The problem is that the existing licenses seldom (if ever ?) mention
"format" and "cosmetics". It would be nice to have a requirement for
licenses that most all existing licensed would satisfy. I started
reading over the licenses in the howtos and putting a one-sentence
summary in a list. Some howto licenses are just GPL, others reference
the LDP-License (like the v2.0 which I posted). Others docs give one
a choice of licenses (this can be confusing). Some have no copyright
at all and it's not clear if they are public domain or not.
We can of course say that licenses issued in the 21st century must
meet new requirements and that the old ones may remain as they are
(but we can suggest changing some of them). Since we deal with all
docs for Linux, we should at least link to docs that don't qualify to
be LDP docs. What I'm going to propose soon (but not in detail now)
is the classification of licenses into categories (say A thru F). "A"
will be the best and GPL-like. A, B and C we will accept. "D" we
will perhaps accept if we need it badly enough. "F" we will not
accept but may index it and/or make a link to it.
I'm not sure how many categories we should have nor exactly how they
will be defined and would like to postpone all discussion of this for
later. Before going into this I would like us to agree on some kind
of a boiler-plate license and a simple criteria for licenses for the
manifesto. This will be only an interim solution until we work out
DGPL and decide on modifications.
> For a start it is contradicted by the second paragraph of the 'Overview'
> section which talks about the LDP docs being 'freely available' in a similar
> fashion to the GNU GPL which specifically allows modification and derivative
> works not just encourages them.
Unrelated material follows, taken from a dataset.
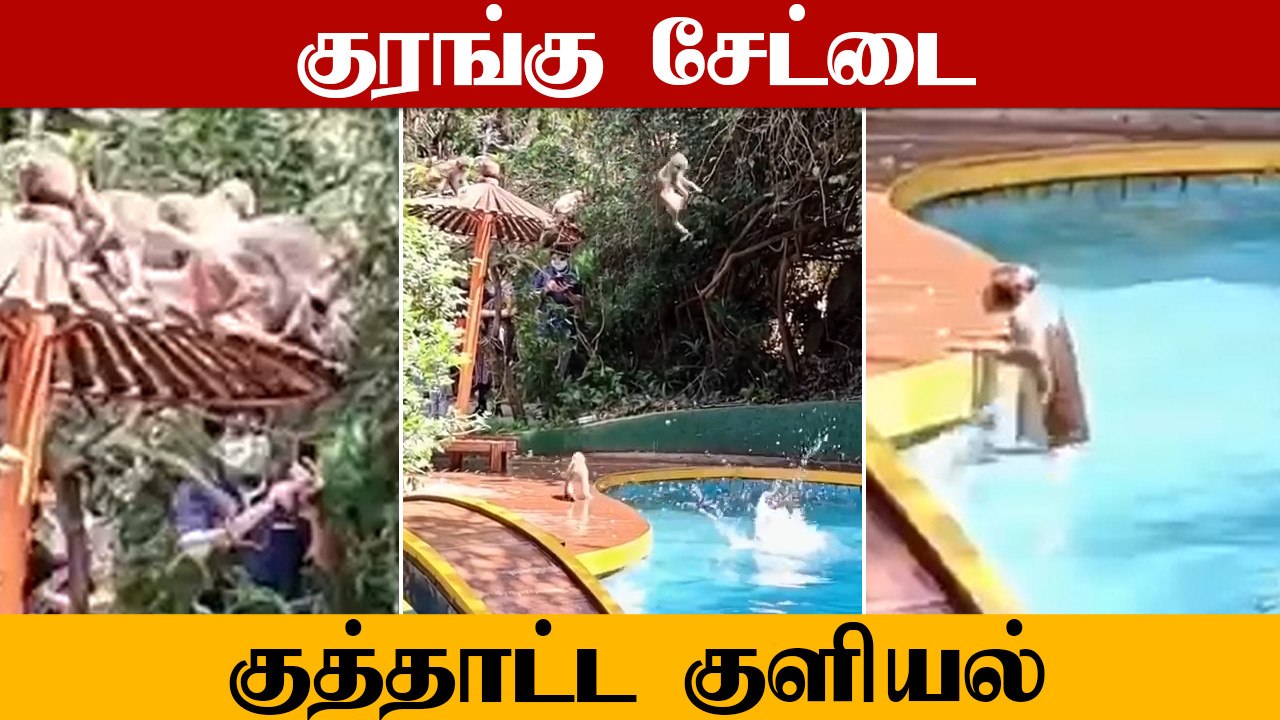 நீச்சல் குளத்தில் குத்தாட்டம் போட்ட குரங்குகள் | யானைகளின் நெகிழ்ச்சி சம்பவம் | Oneindia Tamil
The freedom is more than freedom to
But they are "freely available" even if some can't be modified. What
I'm proposing is only an interim measure which will perhaps be
replaced by a requirement that a doc which is not being maintained can
be modified if needed to update it.
> Secondly it talks about 'documents' but does not define the term. I think a
> straw poll on the definition of document would reveal significant numbers
> of varying views.
We call it the Linux *Documentation* Project. Are not we working on
> Thirdly, I believe that the LDP license conditions *must* allow modification
> of the content. This shouldn't be a negotiable condition. Again, it's
> extremely difficult to edit/correct/publish a document that doesn't allow
> you to modify the text.
I would change your *must* to "should". I think that it's best to
allow modification but also understand why some authors want to
restrict/prohibit modification. What I would do is to clearly label
docs the do not ultimately allow modification. Then someone needs to
ask the author to at least allow modification if the doc is not being
maintained or if the author/maintainer can't be found. If the author
will not be reasonable about this, then we should look for a new
author while hopefully retaining the old one temporarily.
> Lastly, I think we need to be clear that transformations of documents into
> other media/formats/etc. is also allowed. I don't think the single sentence
> catch all allows that.
Good idea. I think the single sentence probably allows it but it's
best to be on the safe side and explicitly allow it.